Directed by Rupert Sanders from a script by Jamie Moss, William Wheeler and Ehren Kruger, the new release does includes material from that wider GITS universe and so cannot be considered a straight translation of the anime; it is, though, to Oshii’s ground-breaking work that Sanders’ film will inevitably be compared. Of course the writers have altered elements of all these sources in any event, and the very first scenes demonstrate this.

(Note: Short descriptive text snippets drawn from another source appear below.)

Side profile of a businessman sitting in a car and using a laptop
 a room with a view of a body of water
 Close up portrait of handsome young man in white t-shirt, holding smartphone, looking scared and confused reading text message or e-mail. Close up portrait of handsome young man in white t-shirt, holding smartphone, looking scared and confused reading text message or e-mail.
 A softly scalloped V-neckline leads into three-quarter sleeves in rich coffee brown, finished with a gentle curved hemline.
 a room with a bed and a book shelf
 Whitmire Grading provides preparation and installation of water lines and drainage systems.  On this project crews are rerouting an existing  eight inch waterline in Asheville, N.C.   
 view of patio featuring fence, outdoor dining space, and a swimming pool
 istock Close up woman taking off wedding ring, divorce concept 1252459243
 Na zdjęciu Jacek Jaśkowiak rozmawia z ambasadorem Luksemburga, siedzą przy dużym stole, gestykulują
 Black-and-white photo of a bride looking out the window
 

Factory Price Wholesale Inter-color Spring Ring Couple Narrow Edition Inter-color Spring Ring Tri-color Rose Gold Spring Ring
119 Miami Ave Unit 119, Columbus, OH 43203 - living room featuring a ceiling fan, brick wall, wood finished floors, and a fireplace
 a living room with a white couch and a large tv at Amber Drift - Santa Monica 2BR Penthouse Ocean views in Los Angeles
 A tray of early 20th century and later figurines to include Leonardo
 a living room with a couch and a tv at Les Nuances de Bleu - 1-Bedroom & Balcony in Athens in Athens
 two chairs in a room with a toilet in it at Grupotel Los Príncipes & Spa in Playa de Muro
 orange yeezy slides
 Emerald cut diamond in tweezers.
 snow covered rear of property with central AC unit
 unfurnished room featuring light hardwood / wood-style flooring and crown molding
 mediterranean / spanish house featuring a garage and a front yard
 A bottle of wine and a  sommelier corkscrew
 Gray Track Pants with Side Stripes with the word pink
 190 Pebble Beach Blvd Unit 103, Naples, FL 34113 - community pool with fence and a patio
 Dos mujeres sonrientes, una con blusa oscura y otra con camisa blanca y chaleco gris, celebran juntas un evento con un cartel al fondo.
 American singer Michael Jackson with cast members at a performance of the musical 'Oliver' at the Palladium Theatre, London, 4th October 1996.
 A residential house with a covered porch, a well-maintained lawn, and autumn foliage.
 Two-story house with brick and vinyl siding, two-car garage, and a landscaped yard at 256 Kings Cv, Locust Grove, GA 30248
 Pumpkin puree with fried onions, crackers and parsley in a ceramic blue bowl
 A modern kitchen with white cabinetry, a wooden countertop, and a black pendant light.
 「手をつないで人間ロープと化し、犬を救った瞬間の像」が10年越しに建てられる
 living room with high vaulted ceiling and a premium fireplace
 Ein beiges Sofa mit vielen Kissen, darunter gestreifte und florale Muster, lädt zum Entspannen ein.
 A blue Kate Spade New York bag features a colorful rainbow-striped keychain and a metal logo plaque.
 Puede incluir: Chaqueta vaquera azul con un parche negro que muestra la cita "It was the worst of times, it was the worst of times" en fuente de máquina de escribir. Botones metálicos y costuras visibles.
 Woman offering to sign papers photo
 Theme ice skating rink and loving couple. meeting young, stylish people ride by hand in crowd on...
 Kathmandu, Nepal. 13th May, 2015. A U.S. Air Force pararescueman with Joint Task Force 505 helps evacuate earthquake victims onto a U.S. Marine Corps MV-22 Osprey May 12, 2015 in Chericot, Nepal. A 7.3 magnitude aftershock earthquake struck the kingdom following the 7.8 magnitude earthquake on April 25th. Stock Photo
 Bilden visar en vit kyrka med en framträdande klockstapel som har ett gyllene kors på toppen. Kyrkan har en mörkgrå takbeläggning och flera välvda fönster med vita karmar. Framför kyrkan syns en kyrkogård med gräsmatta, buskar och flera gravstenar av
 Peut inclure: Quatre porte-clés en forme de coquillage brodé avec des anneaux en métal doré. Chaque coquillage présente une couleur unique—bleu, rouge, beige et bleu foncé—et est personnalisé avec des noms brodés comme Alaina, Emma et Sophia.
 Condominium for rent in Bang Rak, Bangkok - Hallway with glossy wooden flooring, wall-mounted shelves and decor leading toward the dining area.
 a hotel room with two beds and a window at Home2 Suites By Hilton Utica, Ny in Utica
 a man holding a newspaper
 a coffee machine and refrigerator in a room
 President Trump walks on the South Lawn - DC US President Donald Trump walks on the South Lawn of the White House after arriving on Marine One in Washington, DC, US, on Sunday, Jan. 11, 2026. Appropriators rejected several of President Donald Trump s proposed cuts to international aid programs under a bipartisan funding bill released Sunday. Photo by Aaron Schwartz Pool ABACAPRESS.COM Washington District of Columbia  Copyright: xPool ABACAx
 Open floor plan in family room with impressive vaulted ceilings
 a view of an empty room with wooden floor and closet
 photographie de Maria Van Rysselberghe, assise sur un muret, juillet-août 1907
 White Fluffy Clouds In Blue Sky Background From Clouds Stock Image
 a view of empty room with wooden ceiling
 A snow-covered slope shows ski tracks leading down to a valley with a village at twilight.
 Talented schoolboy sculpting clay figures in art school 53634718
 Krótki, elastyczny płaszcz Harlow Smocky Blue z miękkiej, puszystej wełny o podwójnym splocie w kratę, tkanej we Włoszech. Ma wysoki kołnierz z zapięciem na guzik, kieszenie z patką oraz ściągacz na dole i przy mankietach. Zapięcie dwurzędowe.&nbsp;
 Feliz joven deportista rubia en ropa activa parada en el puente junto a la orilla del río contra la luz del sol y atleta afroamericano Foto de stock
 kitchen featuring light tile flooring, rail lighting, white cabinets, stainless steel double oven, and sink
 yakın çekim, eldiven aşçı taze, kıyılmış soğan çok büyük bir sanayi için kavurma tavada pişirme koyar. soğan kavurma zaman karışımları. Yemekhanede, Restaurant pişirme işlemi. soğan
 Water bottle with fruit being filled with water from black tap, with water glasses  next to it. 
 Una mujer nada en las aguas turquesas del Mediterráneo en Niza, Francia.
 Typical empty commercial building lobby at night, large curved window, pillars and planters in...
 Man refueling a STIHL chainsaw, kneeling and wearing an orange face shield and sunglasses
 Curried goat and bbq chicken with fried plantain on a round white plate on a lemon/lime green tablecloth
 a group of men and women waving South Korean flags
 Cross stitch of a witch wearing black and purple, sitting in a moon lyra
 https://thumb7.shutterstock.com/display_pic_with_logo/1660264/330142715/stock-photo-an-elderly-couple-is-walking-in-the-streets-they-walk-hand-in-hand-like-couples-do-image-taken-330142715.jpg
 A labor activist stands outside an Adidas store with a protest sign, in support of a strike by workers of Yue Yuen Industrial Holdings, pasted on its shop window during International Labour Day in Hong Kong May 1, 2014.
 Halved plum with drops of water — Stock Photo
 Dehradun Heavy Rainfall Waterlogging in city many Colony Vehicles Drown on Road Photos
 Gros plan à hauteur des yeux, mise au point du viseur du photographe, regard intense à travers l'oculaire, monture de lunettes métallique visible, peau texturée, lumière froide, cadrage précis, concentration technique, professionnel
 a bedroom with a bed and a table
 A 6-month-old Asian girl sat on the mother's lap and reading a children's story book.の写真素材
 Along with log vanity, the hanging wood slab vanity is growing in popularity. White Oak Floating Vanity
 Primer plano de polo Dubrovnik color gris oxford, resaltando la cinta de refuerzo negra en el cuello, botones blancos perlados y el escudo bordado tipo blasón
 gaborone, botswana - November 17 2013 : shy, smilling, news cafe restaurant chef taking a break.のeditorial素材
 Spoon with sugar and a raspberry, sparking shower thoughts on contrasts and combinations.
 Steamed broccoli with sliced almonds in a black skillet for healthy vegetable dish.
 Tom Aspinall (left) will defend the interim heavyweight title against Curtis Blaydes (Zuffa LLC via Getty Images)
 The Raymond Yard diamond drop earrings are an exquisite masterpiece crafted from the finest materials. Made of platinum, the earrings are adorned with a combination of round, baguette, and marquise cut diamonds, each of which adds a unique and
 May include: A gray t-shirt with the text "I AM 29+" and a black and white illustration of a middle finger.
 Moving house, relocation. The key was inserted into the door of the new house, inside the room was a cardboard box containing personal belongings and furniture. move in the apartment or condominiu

Introducing the lead character of the Major (Scarlet Johansson), an opening crawl identifies her as a one-off, a successful experiment to implant a human brain into a wholly artificial body to create the proverbial super soldier. Leaving aside the simplification of the soul/ghost and body/shell concepts, both manga and anime explicitly depict the Major as a police officer, with a body or shell that is by no means unique – a point made with great eloquence by Oshii when she glimpses an office girl with the same face. The significance of each of these changes becomes clearer as the film progresses.
What follows, on the other hand, is a faithful, subtle and beautifully lyrical interpretation of the ‘shelling sequence’ that began the anime. As neurons grow and artificial skin flows, shots are bathed in blocks of glowing colour to an ambient soundtrack by Clint Mansell and Lorne Balfe that includes tantalising phrases from Kenji Kawai’s powerful and much-loved 1995 score. It turns out to be the most persuasive moment of the entire film, though closely followed by the next, which again borrows from its precursors.
As the Major literally gate-crashes a night-time meeting in a tower block with a balletic backward dive from its roof and a swing through a window – achieved, quite clearly and logically (since the Major is not Superman), by a tether in the anime but seemingly by magic here – her thermoptic camouflage suit disrupts first the holographic advertisements decorating its exterior and then the shattered glass, all three dissolving into a slow-motion kaleidoscope. It’s a dazzling and powerful moment, and leads to a wuxia-style gunfight that nods to the 1995 anime but incorporates the robotic geisha from Oshii’s sequel Ghost in the Shell 2: Innocence (2004).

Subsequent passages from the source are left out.